はじめは新鮮でいいかもしれないけれど、多くは気づいたときにはなくなっていることも。

どうせなら脈々と続いていくようなものがいい。

tgp01 「1杯のコーヒーから建築まで」

その言葉通り建築・不動産・フード・ファッション・音楽・アート・アウトドアなど、多岐にわたる領域からまちの文脈を紡ぐようなコンサルティングを手がけるTHINK GREEN PRODUCE。

前回の募集に続き、まちづくりプロデューサーと事業コーディネーターを募集します。

 
立ち上がってもうすぐ10年を迎えるTHINK GREEN PRODUCE。

代表の関口正人さんは、もともと建築や不動産の領域で仕事をしていた方です。

OLYMPUS DIGITAL CAMERA 財閥系不動産会社を経て、コーポラティブハウスの草分け的存在でもある会社で様々なプロジェクトに携わっていました。

広くまちづくりをしているという意味では、今も昔も変わらない。

ただ大きく異なるのは、そのアプローチの仕方。

「いい感じの生活、いい感じのまち、いい感じの文化をつくっていきたい。じゃあ『いい感じ』とは何だと言ったら、建物に愛着が持てることとか、おいしいコーヒーがあることとか。至極当たり前の文脈から出てくるんです」

「それを形にしようと思ったとき建築だけじゃ収まらない、一方でコーヒーだけでも収まらない。だから僕たちは『1杯のコーヒーから建築まで』の多岐に渡る領域を仕立て上げるコンサルティングサービスをしています」

 
関口さんがその考えに行き着いたのは、いまから10年前。

前職時代からずっとジレンマを感じていた。

「商業性の高い都市部ではあまり考えずに建屋をつくってもそれなりに売れたり稼げたりする。それもいいけど、もうレッドオーシャン化していて、案件化しても収益が薄かったり、面白いことがなかなかできなかった」

そんなときに関わったのが、鎌倉の七里ヶ浜にあるWEEKEND HOUSE ALLEY。海に面した場所で、住宅やショップがはいっている。

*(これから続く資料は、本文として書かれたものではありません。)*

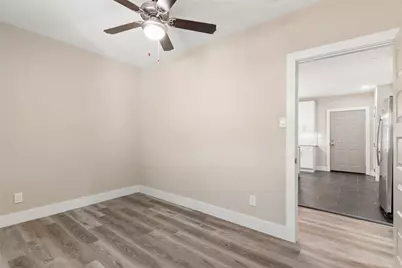 604 S Fitzhugh Avenue, Dallas, TX 75223 - Photo 11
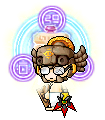 Imuko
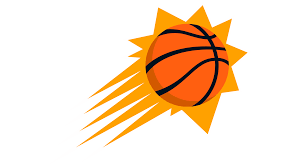 The significance of the logo is to help the reader identify the organization, assure the readers that they have reached the right article containing. Phoenix Suns Logo Symbol History Png 3840 2160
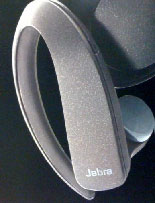 Jabra Stone Jabra Stone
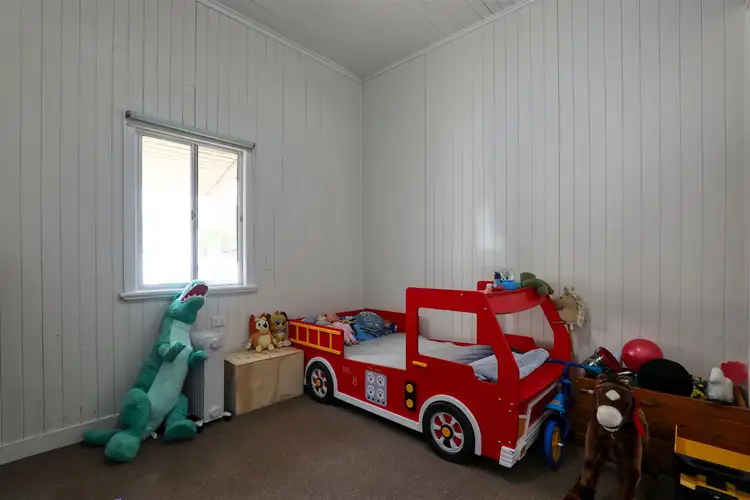 Seventh view of Homely house listing, 10 Cooper Street, Pittsworth QLD 4356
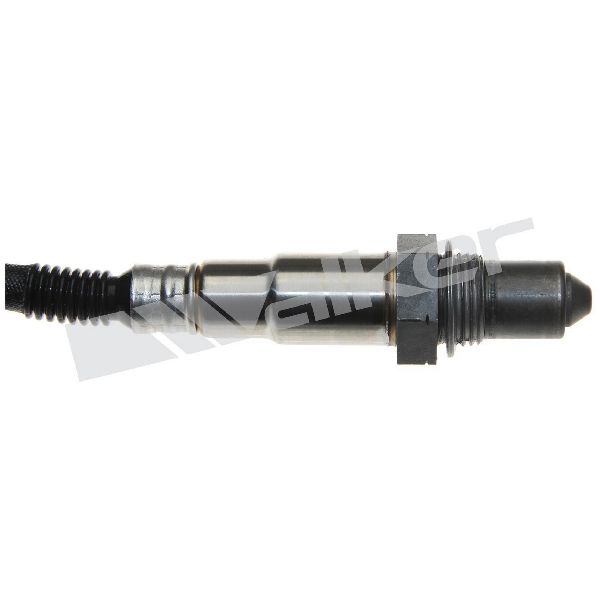 2018-2021 BMW X3 Oxygen Sensor - Upstream (Walker Products)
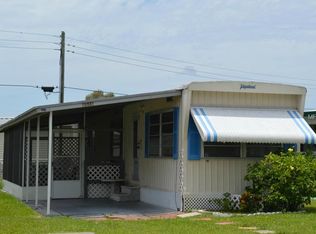 6516 Kansas St, Bradenton, FL 34207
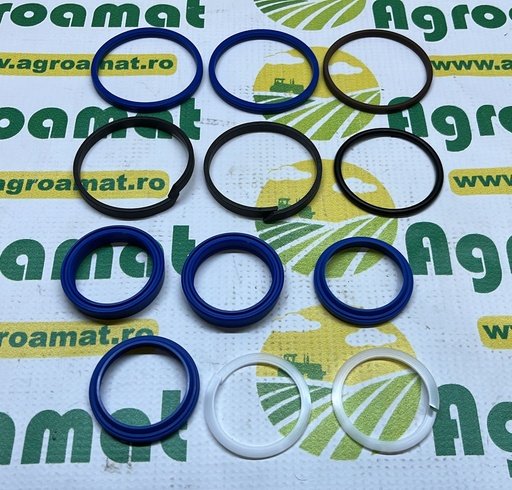 [AMAT1-14997] Kit Reparatie Cilindru 061233R1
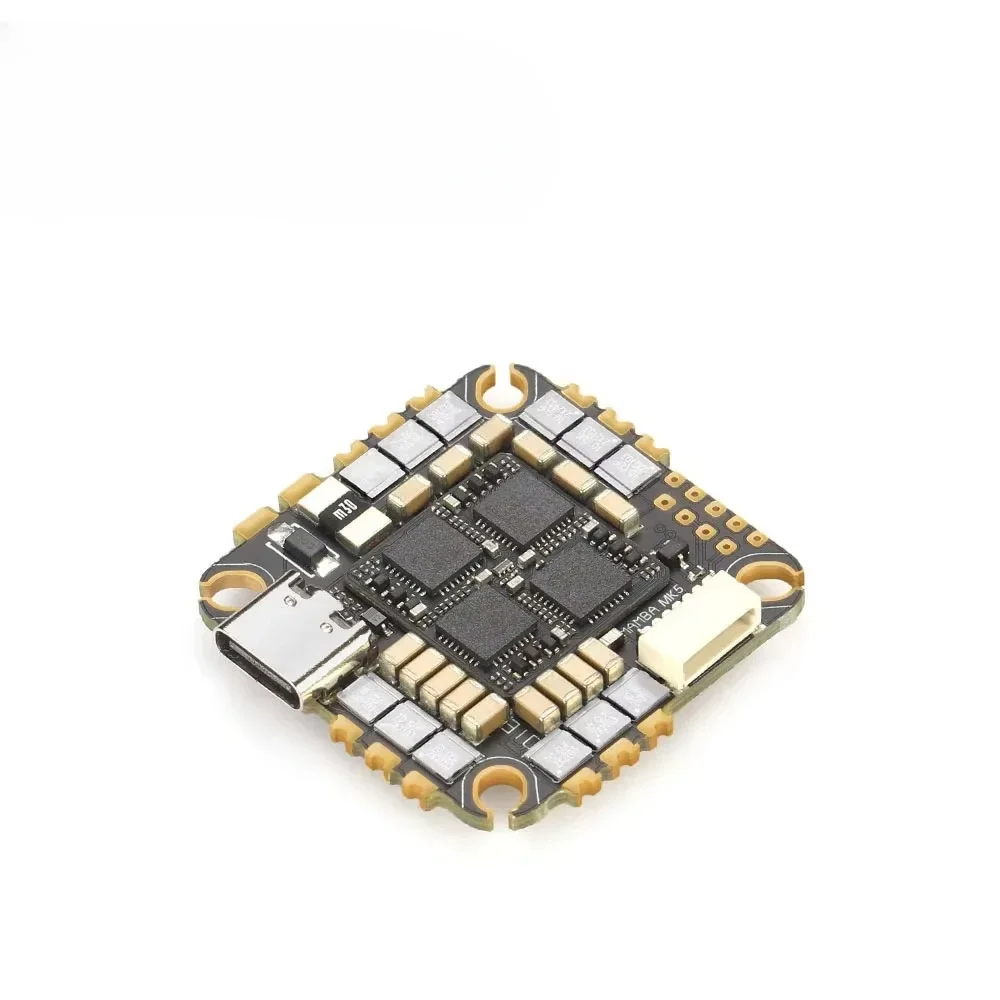 Diatone Mamba MK5 G…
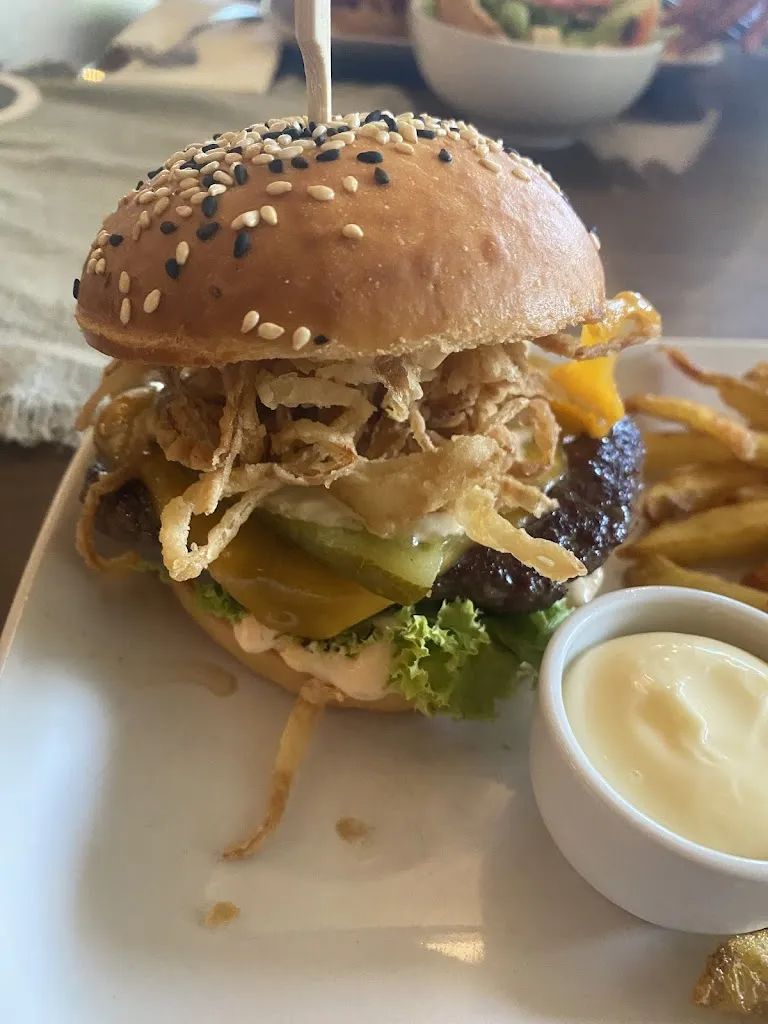 Menu_Rothhardt's Restaurant & Bar_Kierspe_image_3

002-01 エリアは都心に比べ圧倒的に人口が少なく、アクセスがいいわけでもない。けど、そんな場所にこそ都市部にはない別の価値があるかもしれない。

そう思う一方で、計画を立てていくとやはり人がいないという現実的な問題に直面した。

「人が集まるためにはどうしたらいいのか。いろんな方法があるなか僕が行き着いた考えというのは、人が集まるきっかけになるひとつの磁石があればいいということ。体感として『それなら行ってみたいな』と思われることであり、僕は“食”だったんですね」

それは関口さんの趣味のサーフィンにおいても実感することだった。毎日のサーフィンのあと、おいしいごはんを食べられる場所がこの辺りにはなかった。

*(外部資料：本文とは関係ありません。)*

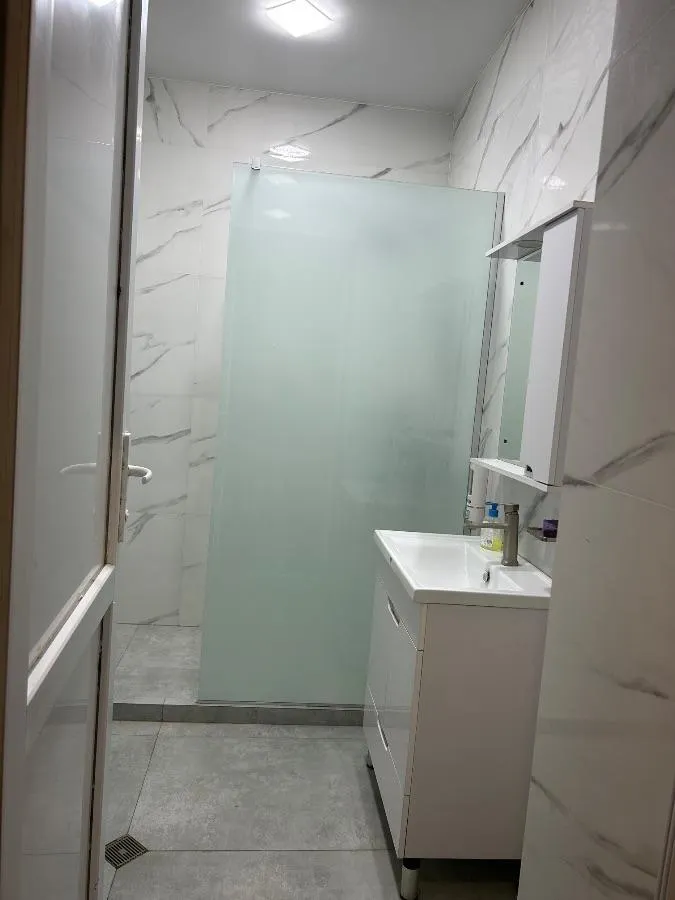 Квартира, 4-комн., 160 м²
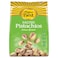 Best Salted Pistachios, 150g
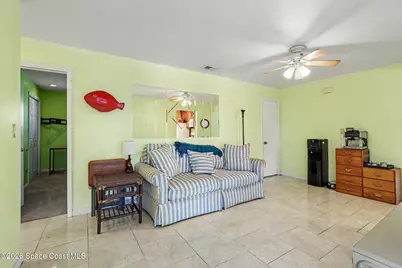 575 Glenwood Avenue, Satellite Beach, FL 32937 - Photo 14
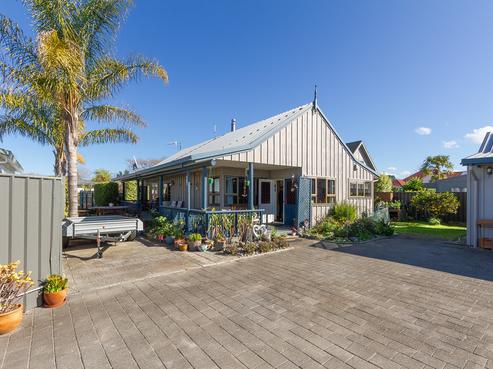 38A Bowling Road, Greenmeadows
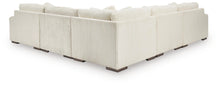 Load image into Gallery viewer, Lindyn Sectional with Chaise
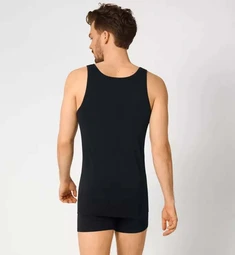 Sloggi Men 24/7 SH Vest 2Pack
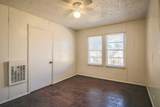 1805 Avenue R - Photo 8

そこでオーガニックスクランブルエッグやスイートコーンフリッターを食べることができるオーストラリア発のレストラン『bills』を起点に、サーフショップやビューティーサロンなど計6店舗を揃えた。

多くのサーファーで賑わう場となり、七里ヶ浜周辺の盛り上がりの一翼を担ったという。

「そこで僕は確信を持ったわけです。まちづくりのアプローチの仕方として、もちろん建物もロケーションも大事だけど、その価値をより高めたり潜在的なものを価値化するには、中にあるコンテンツ、とくに食に力があると」

そうして、そのコンサルティングを行うTHINK GREEN PRODUCEを立ち上げることに。

ただ、単に提案するだけでは説得力がない。細かいオぺレーションから、味や値段についても話せるようになりたい。

直営の飲食店をはじめることを思いつき、実現したのがGARDEN HOUSEだった。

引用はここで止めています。